This newfound willingness to reinterpret the Confederate past—especially as it was reimagined decades after the war—is a good thing, and I only wish it hadn’t taken such an appalling crime to bring it about. As for the Confederate flags, good riddance, I say. The use of the Confederate flag to represent the South only dates back to the 1960s, when it was deployed in opposition to Civil Rights activists—so it really is a racist symbol.

The New Orleans city council also made the right decision to dismantle its Confederate monuments. The Confederacy only has a weak claim on New Orleans, because the city spent three-quarters of the war under Union occupation.

Other cities may make similar decisions, and they too may be making the right call. But when it comes to most Confederate monuments, I would not be in favor of demolition. Demolishing the monuments would amount to an attempt to erase the past, which we shouldn’t try to do lest we forget it. Instead, we should change how we remember the past. Rather than destroying monuments we now find distasteful, we should reinterpret them with interpretive signage, plaques, or even extensions to the monument that subvert the original white supremacist message.
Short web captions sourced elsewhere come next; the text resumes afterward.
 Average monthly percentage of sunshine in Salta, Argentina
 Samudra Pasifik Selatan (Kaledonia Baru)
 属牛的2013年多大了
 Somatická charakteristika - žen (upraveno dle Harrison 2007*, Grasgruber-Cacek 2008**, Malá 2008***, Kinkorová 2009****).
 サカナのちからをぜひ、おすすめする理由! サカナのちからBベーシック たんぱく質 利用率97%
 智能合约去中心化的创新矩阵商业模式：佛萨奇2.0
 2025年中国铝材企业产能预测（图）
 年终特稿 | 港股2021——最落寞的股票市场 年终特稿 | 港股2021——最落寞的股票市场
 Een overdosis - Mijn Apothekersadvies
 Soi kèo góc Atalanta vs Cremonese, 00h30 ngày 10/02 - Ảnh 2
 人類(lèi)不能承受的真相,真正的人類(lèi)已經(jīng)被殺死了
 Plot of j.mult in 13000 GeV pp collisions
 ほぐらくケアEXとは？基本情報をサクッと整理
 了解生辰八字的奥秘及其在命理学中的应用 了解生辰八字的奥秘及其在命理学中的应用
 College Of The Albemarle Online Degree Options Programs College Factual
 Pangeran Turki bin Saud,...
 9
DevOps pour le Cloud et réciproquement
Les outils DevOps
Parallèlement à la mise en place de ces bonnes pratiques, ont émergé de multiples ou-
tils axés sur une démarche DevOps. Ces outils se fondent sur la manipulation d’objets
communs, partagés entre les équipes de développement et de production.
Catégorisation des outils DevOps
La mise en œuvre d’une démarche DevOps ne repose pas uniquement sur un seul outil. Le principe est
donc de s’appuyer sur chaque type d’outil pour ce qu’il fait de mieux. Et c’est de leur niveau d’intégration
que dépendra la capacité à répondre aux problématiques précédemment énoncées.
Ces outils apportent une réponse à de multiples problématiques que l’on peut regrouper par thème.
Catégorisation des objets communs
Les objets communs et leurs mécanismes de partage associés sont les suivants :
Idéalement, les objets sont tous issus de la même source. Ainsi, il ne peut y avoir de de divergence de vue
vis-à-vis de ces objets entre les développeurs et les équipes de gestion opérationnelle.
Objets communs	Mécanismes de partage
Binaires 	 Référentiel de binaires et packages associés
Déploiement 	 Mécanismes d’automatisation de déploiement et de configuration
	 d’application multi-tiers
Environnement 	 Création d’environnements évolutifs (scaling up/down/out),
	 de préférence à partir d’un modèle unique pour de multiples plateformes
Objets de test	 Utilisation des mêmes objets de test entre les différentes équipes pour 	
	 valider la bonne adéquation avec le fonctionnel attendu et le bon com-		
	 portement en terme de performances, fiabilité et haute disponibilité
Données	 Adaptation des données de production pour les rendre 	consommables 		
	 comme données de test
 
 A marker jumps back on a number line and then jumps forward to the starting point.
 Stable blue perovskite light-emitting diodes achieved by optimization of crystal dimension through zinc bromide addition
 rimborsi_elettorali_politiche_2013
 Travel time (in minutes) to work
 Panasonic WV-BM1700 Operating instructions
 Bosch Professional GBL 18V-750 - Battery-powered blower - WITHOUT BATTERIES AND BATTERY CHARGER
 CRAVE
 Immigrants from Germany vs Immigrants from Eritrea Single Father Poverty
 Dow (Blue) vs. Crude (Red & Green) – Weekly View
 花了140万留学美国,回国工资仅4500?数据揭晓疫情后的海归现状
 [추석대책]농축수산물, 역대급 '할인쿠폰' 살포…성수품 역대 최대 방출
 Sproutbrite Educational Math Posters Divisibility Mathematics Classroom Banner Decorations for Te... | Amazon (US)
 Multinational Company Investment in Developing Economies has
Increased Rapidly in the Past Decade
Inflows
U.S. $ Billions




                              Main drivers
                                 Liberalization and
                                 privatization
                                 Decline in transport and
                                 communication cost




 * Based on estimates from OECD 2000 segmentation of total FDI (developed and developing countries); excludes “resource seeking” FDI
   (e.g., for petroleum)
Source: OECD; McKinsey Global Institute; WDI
Some of the monuments can be moved to museums, but others should be left where they are, because it is easy to ignore things in museums, and harder to ignore what is in the middle of the street or in front of the statehouse.

  1. Gaines M. Foster, Ghosts of the Confederacy: Defeat, the Lost Cause, and the Emergence of the New South, 1865 to 1913 (New York: Oxford University Press, 1987), 41. []
  2. Foster, Ghosts of the Confederacy, 91, 100-102, 158. []
  3. Nina Silber, The Romance of Reunion: Northerners and the South, 1865-1900 (Chapel Hill: University of North Carolina Press, 1993), 4. []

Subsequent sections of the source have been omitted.